El gerente, al inhalar el polvo, se quedó inmóvil. Sus ojos se abrieron de par en par, y su cuerpo se dejó caer hacia atrás en la silla, como si hubiera sido desconectado de la realidad. Su expresión se tornó vacía, y Ixtchel supo que había logrado lo que deseaba: entrarlo en un trance.


—¿Quién dirige la empresa? —preguntó Ixtchel, su voz firme resonando en el silencio denso de la oficina.


—Samuel Alberdi —respondió el gerente, su voz sonámbula.


—¿Samuel? Mi tío... pero no lo he visto —Ixtchel sintió un escalofrío recorrerle la espalda. La conexión familiar, un hilo invisible que la ataba a un pasado que creía perdido, comenzaba a tomar forma.


—Samuel obedece al cartel —continuó el gerente, su mirada fija en un punto más allá de Ixtchel.


—¿Cuál cartel? —su voz tembló levemente, mientras su mente empezaba a entrelazar piezas de un rompecabezas oscuro.


—Los Jinetes —musitó el gerente, como si pronunciar aquel nombre pudiera atraer la sombra de su significado.


—¿Quién los lidera? —Ixtchel sintió cómo su corazón latía con fuerza, cada vez más rápido.


—El capo Ghostman... nadie sabe quién es, pero maneja el lavado de dinero, el narcotráfico, el tráfico de órganos, prostitución, secuestro, y cuánta chingadera sucia te puedas imaginar —las palabras del gerente cayeron como un peso en el ambiente, impregnando la atmósfera de una tensión palpable.


Ixtchel asimiló la información. La empresa que había heredado no era solo un lugar de trabajo; era una telaraña de corrupción y miedo, un instrumento de un imperio criminal. Entendió que, para recuperar lo que le pertenecía, necesitaba un abogado, alguien que pudiera navegar por las aguas turbias de aquel mundo y ayudarla a desentrañar la red de mentiras que la rodeaba.
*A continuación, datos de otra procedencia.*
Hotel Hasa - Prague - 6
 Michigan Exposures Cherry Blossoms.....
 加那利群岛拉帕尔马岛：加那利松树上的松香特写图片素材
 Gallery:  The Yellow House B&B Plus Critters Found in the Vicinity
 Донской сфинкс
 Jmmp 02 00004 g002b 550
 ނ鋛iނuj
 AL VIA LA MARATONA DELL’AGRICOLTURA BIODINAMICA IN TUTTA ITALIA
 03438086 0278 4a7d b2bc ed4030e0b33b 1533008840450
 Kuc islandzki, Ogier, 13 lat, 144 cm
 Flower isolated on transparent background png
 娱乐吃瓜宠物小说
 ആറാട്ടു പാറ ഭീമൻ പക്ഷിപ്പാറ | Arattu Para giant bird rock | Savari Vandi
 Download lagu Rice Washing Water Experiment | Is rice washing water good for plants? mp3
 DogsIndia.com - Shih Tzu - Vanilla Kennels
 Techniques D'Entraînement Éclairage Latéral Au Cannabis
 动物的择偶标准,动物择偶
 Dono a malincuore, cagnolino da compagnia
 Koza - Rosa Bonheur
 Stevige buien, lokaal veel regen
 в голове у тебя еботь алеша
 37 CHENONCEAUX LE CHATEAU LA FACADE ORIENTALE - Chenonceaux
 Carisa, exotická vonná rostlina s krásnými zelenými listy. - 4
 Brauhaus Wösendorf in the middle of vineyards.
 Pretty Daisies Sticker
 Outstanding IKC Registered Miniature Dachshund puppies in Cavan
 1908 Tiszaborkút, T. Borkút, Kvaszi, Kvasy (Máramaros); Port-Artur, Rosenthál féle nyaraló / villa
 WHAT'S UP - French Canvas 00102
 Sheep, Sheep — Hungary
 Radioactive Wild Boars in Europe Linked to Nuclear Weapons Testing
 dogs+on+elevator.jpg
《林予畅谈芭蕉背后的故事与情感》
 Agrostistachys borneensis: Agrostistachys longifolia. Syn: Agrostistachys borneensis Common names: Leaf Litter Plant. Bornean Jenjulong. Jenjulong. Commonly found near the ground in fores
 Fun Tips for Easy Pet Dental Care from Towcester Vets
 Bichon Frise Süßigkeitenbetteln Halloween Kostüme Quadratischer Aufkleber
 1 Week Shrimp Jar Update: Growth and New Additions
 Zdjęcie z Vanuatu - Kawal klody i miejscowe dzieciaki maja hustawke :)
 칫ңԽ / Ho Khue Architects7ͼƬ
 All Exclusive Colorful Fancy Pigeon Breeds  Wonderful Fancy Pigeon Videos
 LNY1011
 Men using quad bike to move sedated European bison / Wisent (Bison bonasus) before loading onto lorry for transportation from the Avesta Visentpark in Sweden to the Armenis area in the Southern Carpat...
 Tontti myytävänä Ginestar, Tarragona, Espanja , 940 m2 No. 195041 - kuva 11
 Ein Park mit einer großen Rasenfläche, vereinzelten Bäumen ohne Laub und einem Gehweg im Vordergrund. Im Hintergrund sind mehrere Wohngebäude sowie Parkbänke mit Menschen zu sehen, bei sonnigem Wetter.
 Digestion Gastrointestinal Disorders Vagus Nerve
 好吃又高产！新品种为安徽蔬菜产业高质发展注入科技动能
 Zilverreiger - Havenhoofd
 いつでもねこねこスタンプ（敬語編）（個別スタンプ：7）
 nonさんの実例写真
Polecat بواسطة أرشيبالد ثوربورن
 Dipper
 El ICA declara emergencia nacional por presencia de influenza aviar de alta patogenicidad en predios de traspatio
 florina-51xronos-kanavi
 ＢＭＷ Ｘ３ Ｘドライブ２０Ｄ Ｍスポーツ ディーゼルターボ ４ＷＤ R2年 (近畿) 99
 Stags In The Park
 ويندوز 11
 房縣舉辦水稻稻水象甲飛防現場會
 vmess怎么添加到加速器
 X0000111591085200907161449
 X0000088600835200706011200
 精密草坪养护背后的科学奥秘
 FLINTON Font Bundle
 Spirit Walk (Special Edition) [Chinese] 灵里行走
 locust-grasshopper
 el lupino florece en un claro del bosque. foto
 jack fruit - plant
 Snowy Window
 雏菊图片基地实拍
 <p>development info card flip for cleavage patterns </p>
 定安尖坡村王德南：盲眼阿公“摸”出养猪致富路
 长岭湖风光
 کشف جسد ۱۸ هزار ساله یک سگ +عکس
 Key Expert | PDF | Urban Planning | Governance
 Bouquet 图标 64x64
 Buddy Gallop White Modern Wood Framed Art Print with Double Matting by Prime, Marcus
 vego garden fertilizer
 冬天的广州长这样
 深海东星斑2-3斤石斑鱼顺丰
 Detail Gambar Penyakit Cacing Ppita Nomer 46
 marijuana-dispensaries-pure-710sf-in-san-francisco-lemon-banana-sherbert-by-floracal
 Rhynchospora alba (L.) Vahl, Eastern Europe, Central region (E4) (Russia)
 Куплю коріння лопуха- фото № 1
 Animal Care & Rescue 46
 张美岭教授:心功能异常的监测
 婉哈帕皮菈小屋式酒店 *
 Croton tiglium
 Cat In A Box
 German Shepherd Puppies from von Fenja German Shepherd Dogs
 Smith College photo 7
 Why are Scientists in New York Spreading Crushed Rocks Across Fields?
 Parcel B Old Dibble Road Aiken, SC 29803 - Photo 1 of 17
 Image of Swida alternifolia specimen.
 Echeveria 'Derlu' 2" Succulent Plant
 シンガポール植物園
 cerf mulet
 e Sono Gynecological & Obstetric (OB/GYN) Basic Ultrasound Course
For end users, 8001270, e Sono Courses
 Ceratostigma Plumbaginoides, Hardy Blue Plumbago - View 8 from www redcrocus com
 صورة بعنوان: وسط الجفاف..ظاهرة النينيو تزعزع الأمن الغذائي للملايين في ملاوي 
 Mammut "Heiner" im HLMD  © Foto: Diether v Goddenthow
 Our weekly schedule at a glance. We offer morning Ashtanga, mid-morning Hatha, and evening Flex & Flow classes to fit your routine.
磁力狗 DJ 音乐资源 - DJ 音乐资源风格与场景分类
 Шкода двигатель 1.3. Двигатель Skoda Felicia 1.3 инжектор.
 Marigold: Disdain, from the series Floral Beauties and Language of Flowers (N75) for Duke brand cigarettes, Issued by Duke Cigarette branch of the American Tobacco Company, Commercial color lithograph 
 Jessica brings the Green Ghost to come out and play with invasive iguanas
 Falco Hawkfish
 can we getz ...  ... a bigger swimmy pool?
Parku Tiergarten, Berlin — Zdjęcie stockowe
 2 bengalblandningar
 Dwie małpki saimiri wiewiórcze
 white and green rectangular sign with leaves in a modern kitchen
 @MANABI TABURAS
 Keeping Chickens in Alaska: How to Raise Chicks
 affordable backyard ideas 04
Con una determinación renovada, se retiró de la oficina. Cada paso resonaba en el suelo, marcando su camino hacia la salida, mientras su mente se llenaba de imágenes de su infancia, recuerdos de su tío, de un tiempo más sencillo que ahora se desvanecía. El aire frío del pasillo la recibió, un recordatorio de que, aunque el ambiente era sombrío, ella aún tenía el poder de cambiar su destino. Renunciar a la empresa significaba renunciar al miedo, pero también a las cadenas que la ataban a un pasado oscuro. 


Mientras atravesaba la puerta principal, el mundo exterior se extendía ante ella, lleno de posibilidades. La libertad la aguardaba, y aunque el camino sería arduo, estaba decidida a enfrentarse a los fantasmas que había dejado atrás. No permitiría que el legado de su familia fuera arrastrado por la corrupción. Con cada paso que daba, su propósito se hacía más claro: buscar la verdad y recuperar su vida.

El aire en la sala del presidente Gerard Fernan era tenso, cargado con el olor a cuero de los muebles de lujo y el inconfundible aroma de los habanos que, hasta ese momento, habían sido el único vicio permitido en ese espacio austero. Los dedos de Gerard tamborileaban nerviosos sobre el escritorio de caoba, su rostro endurecido por las cicatrices de años en el poder. La luz tenue de las lámparas arrojaba sombras sobre su figura, acentuando los pliegues de su frente mientras observaba a su inesperado visitante: Ghostman, el capo más temido de México, parado frente a él con una calma inquietante.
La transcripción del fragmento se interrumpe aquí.